India: 6 million girls 'missing' from sex-selection abortion
December 27, 2011: New statistics show that the toll of sex-selection abortion on
girls in India has been even more devastating than the nation’s government has acknowledged.
A study conducted by the Centre for Global Health Research and University of Toronto,
has revealed that with advances in sex determination, Indians have aborted more than
12 million unborn girls in the past three decades, including 6 million since 2001.

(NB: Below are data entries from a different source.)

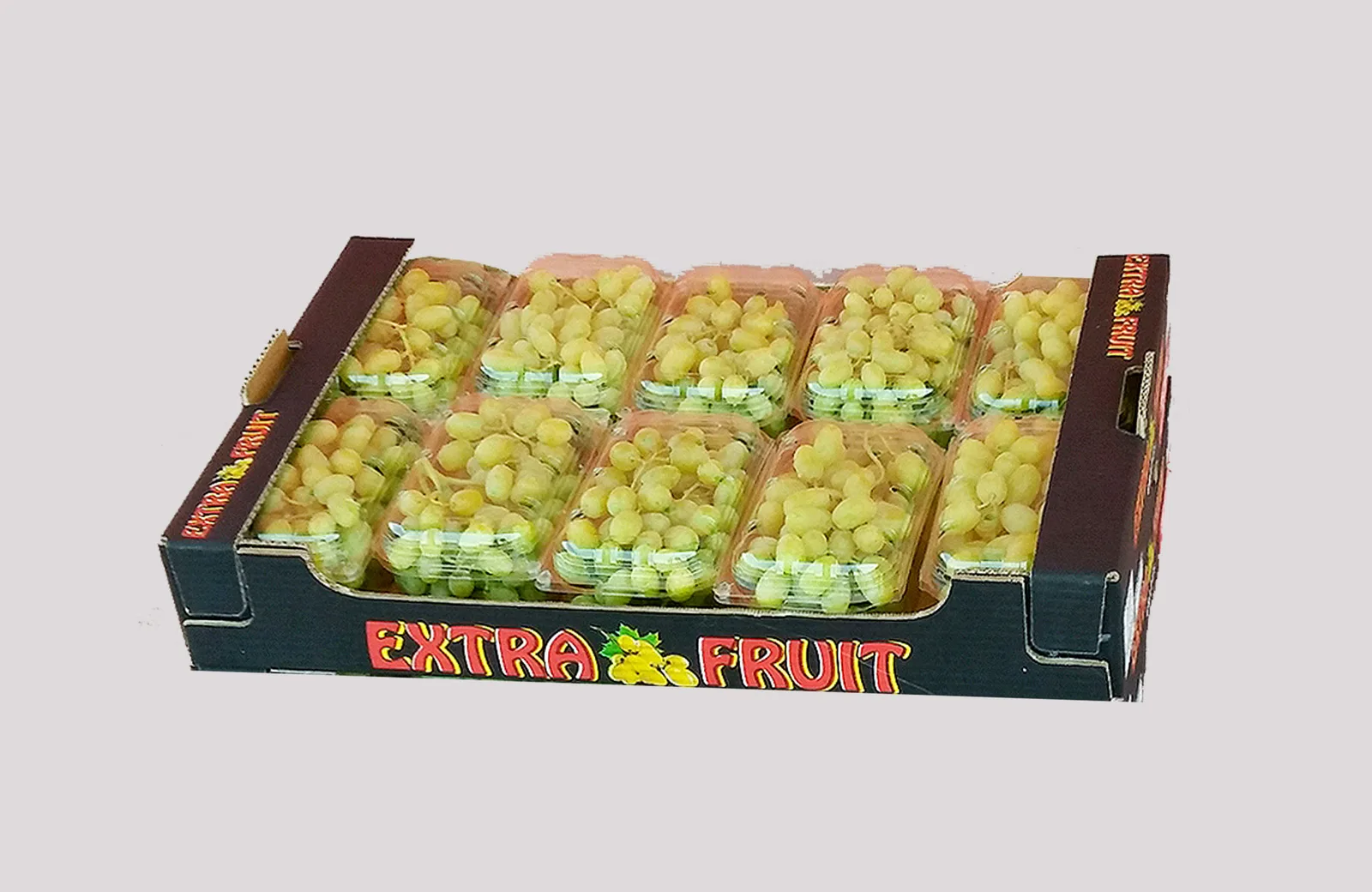 Table grapes ready for cold-chain dispatch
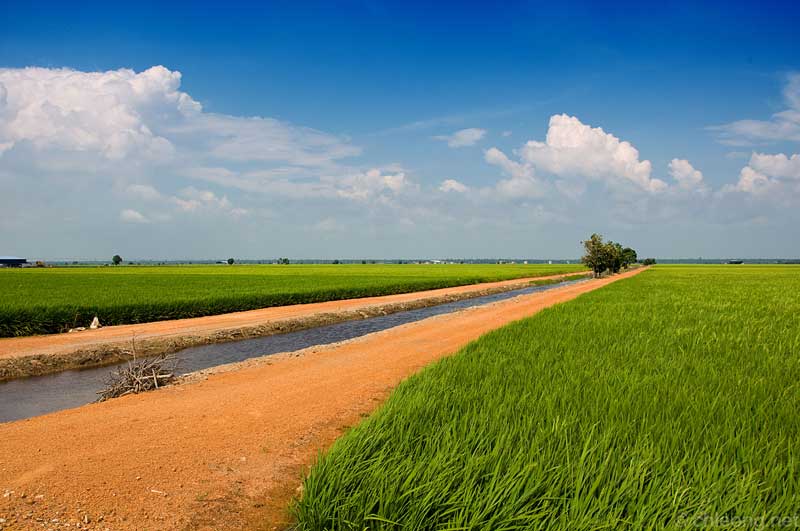 Paddy Fields in Sekinchan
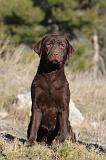 LABRADOR 622
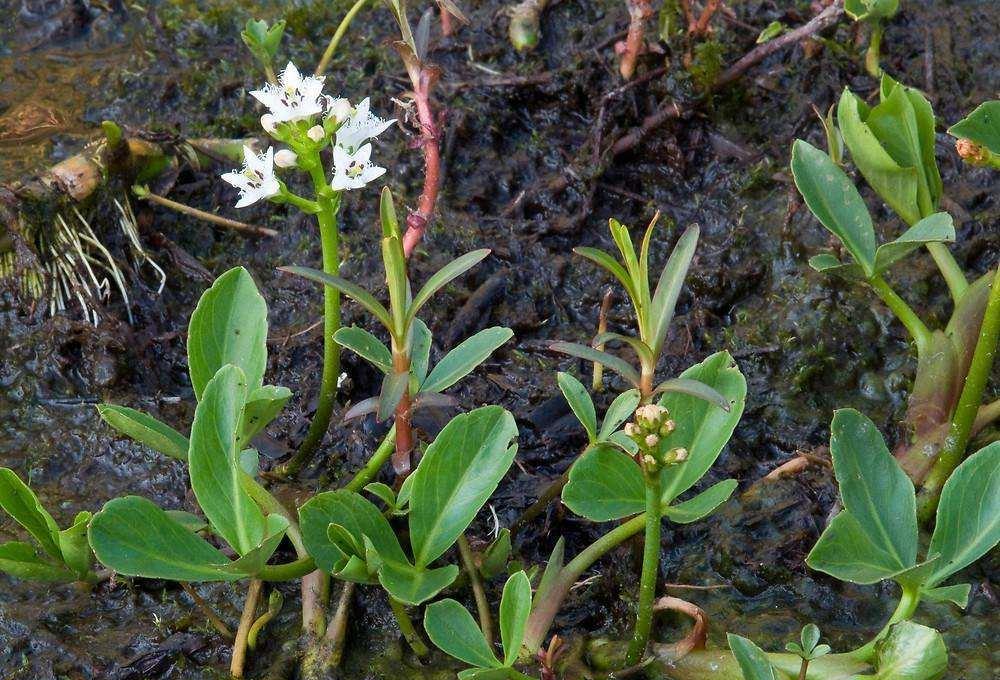 癌细胞:它是治疗失眠“特效药”,池塘边常见,味道好功效强,遇见别错过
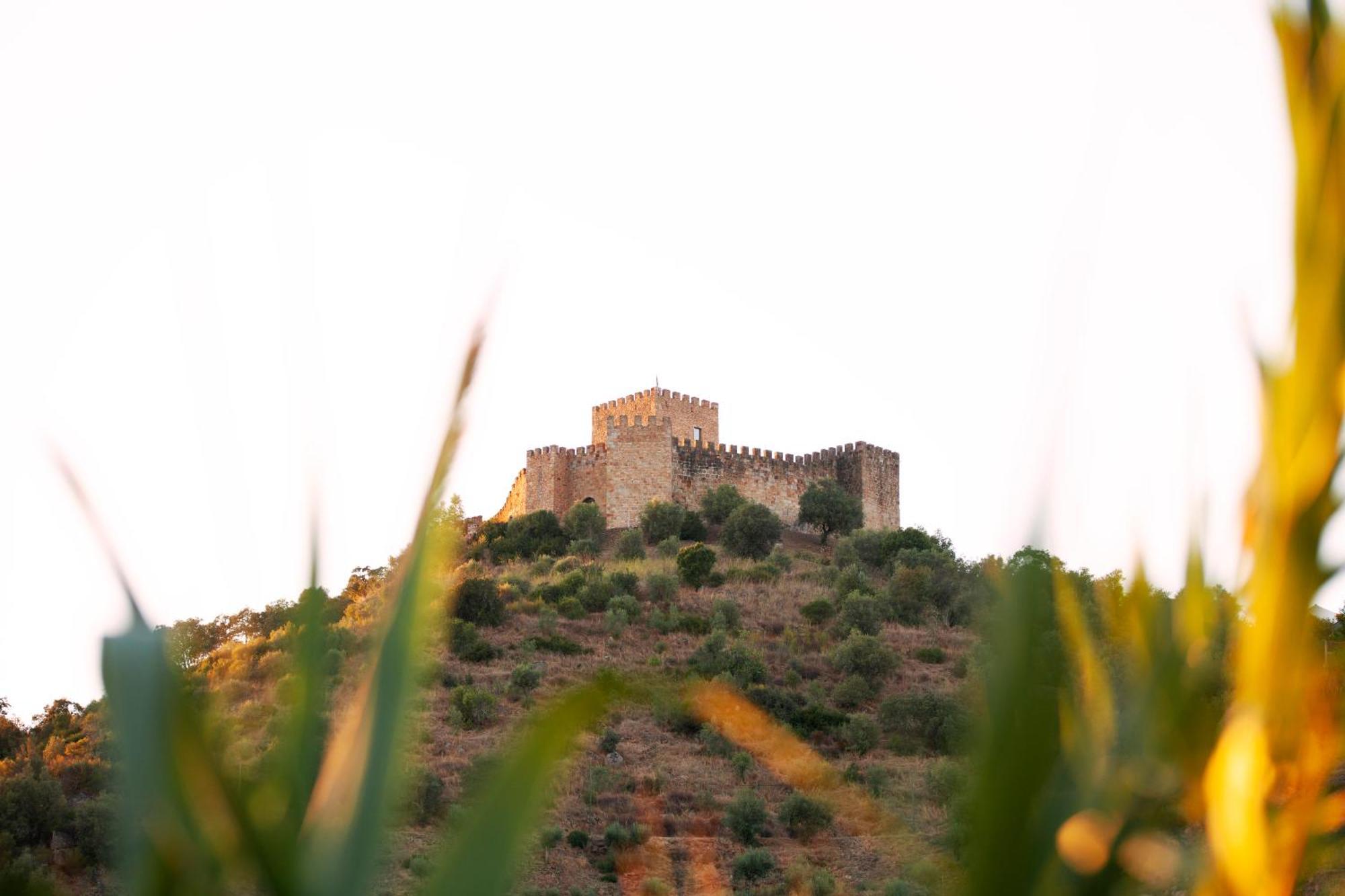 Farm stay A Saboeira - Belver (Gaviao)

Addressing a conference at St. John’s Medical College and Hospital in Bangalore,
Prabhat Jha, the director of the study, said: While fertility has fallen substantially,
Indians’ preference for sons has not changed. As income and education levels rise,
more Indian households can act on their son preference and sex-selective abortion
has spread widely. Today, most Indians live in a community where selective abortion
of girls is common. The preference for boys and prejudice against girl child is
rooted in Hindu cultural bias that one cannot attain moksha (liberation) unless he
has a son to perform his last rites as mandated by Hindu scriptures. This religious
sanction rendered the female child "unwanted" historically, and paved way for the
system of heavy dowries that has added to the difficulty of a family with a female
child. Hence couples often abort pregnancies after illegally identifying the sex of
the fetus, while poor families abandon or even kill unwanted baby girls, Mr. Jha said.